È un caso molto chiaro, è un caso di suicidio. Il 24 giugno di quell’anno la Procura chiude ufficialmente l’inchiesta: Luigi Tenco si è suicidato.
Ma è vero? Forse sì, anzi probabilmente sì, però ci sono molte cose che non tornano nelle ultime ore della vita di Tenco e ci sono molti dubbi che hanno continuato a frullare nella testa di molta gente.

Quella sera al Festival Tenco è dietro le quinte, terrorizzato perché ha sempre avuto la fobia del pubblico. Una dose di Fenobarbital, un barbiturico che fino agli Anni ’70 era un farmaco di riferimento per il trattamento dell’ansia, poi un’intera bottiglia di grappa di pere e poi anche la spinta proprio fisica di Mike Bongiorno che conduce il Festival, riescono a farlo uscire da dietro le quinte. Canta la sua canzone e la canta male, donando al pubblico del Festival un’esecuzione disastrosa: stona, sembra che non riesca ad andare a tempo, nelle parti più lunghe da sostenere vocalmente non arriva bene e negli stacchi musicali la sua voce arriva in ritardo. “Ciao amore ciao” prende solo 38 voti sui 900 della giuria popolare e la commissione artistica del Festival composta da Ugo Zatterin, Lello Bersani, Gianni Ravera e Lino Procacci, che aveva il potere di ripescare una canzone, opta per “La rivoluzione” cantata da Gianni Pettenati. Luigi Tenco e Dalida sono fuori dal 17esimo Festival di Sanremo.

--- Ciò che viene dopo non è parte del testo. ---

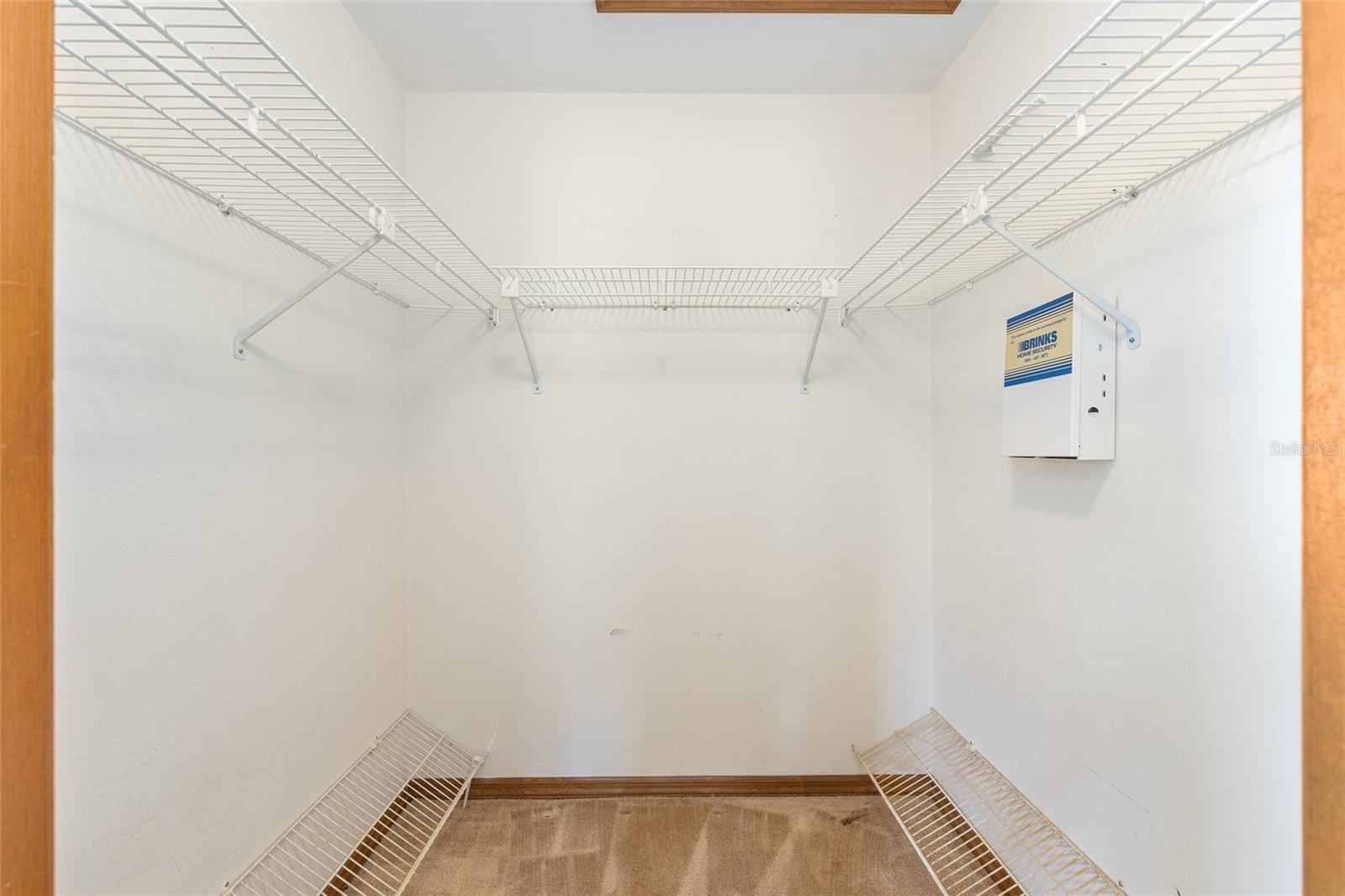 3836 SE 45TH PL, OCALA, FL, 34480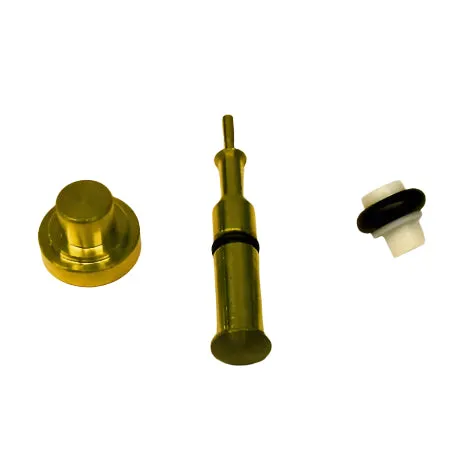 Harris Torch Repair Kit for 71-3, 72-3, 73-3 Torch Heads 9100419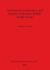 Architecture, Economics, and Identity in Romano-British 'Small Towns'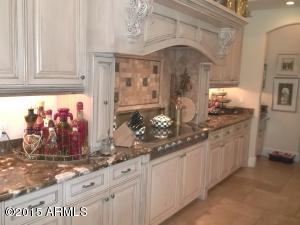225 E Glenn Dr, Phoenix, AZ 85020 photo 34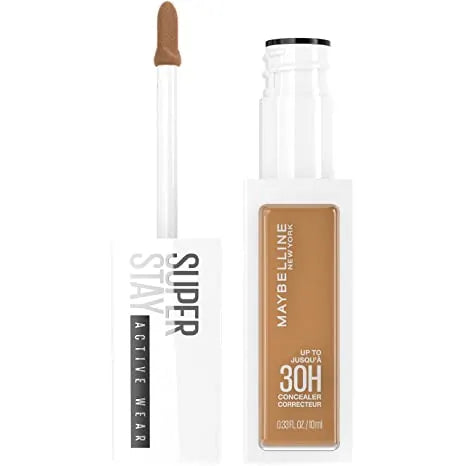 Maybelline Super Stay Active Wear – Corrector - Maybelline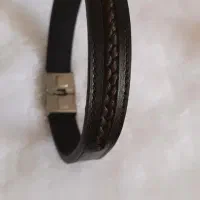 گردنبندحرارتی ،تسبیح رزینی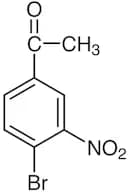 4'-Bromo-3'-nitroacetophenone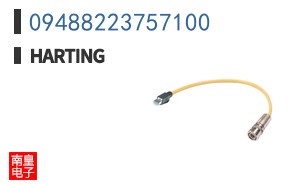 09488223757100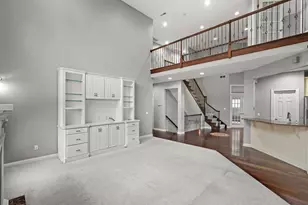 83 Scotscraig Dr, Valparaiso, IN 46385 - Photo 8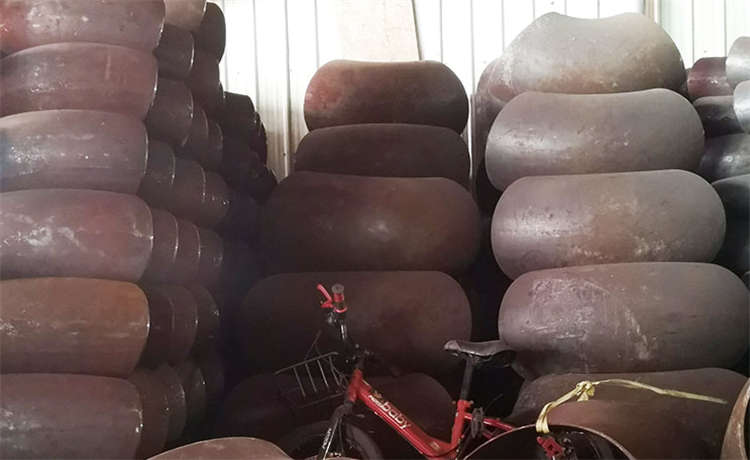 1650mm螺旋焊管，清遠鋼鐵世界2300mm螺旋鋼管，鋼材場2520mm螺旋焊管，1920螺旋焊管廠家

Tenco la prende malissimo, tratta male tutti e guida come un pazzo fino all’albergo, perché a cena con Dalida e gli altri non ci vuole andare. In camera telefona a Valeria, che è una ragazza che ama da sempre, anche se i rotocalchi lo danno fidanzato con Dalida, però è una cosa che serve soltanto a vendere canzoni; si sfoga con lei, con Valeria, dice che l’indomani convocherà una conferenza stampa per protestare e che compreranno un casolare in campagna e vivranno assieme, avranno un figlio. È l’una e trenta.
Poco più di mezz’ora dopo Dalida arriva e lo trova a terra, morto.

Ci sta che Tenco si sia suicidato, uno come Tenco così inquieto, insoddisfatto, contraddittorio, insomma un ribelle, un cantautore impegnato che anticipa i temi del ’68 e che allo stesso tempo si ritrova a Sanremo a inseguire il sogno di una popolarità da star, prigioniero delle logiche commerciali delle case discografiche; uno che ama Valeria ma è innamorato di Dalida allo stesso tempo, che è stanco, pieno di ansiolitici e alcol e ha appena subito una delusione frustrante; insomma, uno come lui, capace di scrivere canzoni di una disperazione esistenziale bellissima e insopportabile come “Un giorno dopo l’altro”, se si spara non è certo per il Festival. Ma per un ideale tormentato, una crisi esistenziale, un suicidio filosofico, ecco. Come già accaduto a molti poeti, a molti scrittori e anche a moltissimi musicisti.